### PROBLEM
Print, in exact form, the lines below from the one containing "Volucella jeddona" through the one containing "冰***?D188水光针一物一拍", and omit all others.

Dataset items
....
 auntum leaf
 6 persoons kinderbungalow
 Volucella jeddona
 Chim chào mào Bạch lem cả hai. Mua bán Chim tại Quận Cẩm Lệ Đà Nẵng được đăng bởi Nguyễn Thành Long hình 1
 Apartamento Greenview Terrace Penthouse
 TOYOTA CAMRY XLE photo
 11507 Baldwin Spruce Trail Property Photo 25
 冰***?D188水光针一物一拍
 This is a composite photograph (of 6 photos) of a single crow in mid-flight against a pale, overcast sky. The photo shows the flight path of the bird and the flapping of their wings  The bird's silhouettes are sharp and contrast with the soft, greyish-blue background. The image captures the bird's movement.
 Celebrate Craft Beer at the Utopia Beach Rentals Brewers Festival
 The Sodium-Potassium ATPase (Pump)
....
### RESPONSE BOX
 Volucella jeddona
 Chim chào mào Bạch lem cả hai. Mua bán Chim tại Quận Cẩm Lệ Đà Nẵng được đăng bởi Nguyễn Thành Long hình 1
 Apartamento Greenview Terrace Penthouse
 TOYOTA CAMRY XLE photo
 11507 Baldwin Spruce Trail Property Photo 25
 冰***?D188水光针一物一拍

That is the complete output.